Intramural Research Program, National Institute on Drug Abuse, Baltimore, MD, USA.
Psychology Department, Princeton University, Princeton, NJ, USA.
Nat Neurosci. 2023 May;26(5):830-839. doi: 10.1038/s41593-023-01310-x. Epub 2023 Apr 20.
Dopamine neuron activity is tied to the prediction error in temporal difference reinforcement learning models. These models make significant simplifying assumptions, particularly with regard to the structure of the predictions fed into the dopamine neurons, which consist of a single chain of timepoint states. Although this predictive structure can explain error signals observed in many studies, it cannot cope with settings where subjects might infer multiple independent events and outcomes. In the present study, we recorded dopamine neurons in the ventral tegmental area in such a setting to test the validity of the single-stream assumption. Rats were trained in an odor-based choice task, in which the timing and identity of one of several rewards delivered in each trial changed across trial blocks. This design revealed an error signaling pattern that requires the dopamine neurons to access and update multiple independent predictive streams reflecting the subject's belief about timing and potentially unique identities of expected rewards.

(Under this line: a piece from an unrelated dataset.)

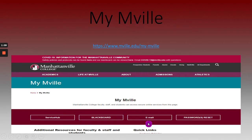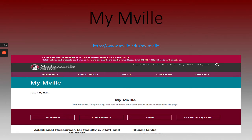Your email is a critical resource. We advise students to check their Manhattanville student email on a regular basis. Important emails from your professors and other areas of the Manhattanville community are located within your email. To access your email, you will utilize your username at student.manhattanville.edu.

多巴胺神经元的活动与时间差分强化学习模型中的预测误差有关。这些模型做出了重大的简化假设,特别是对于输入到多巴胺神经元的预测结构,其仅由单个时间点状态链组成。尽管这种预测结构可以解释许多研究中观察到的错误信号,但它无法应对主体可能推断出多个独立事件和结果的情况。在本研究中,我们在这样的设置中记录腹侧被盖区的多巴胺神经元,以测试单流假设的有效性。大鼠在基于气味的选择任务中接受训练,在该任务中,每次试验中多个奖励之一的时间和身份在试验块之间变化。这种设计揭示了一种错误信号模式,要求多巴胺神经元访问和更新多个独立的预测流,以反映主体关于预期奖励的时间和潜在独特身份的信念。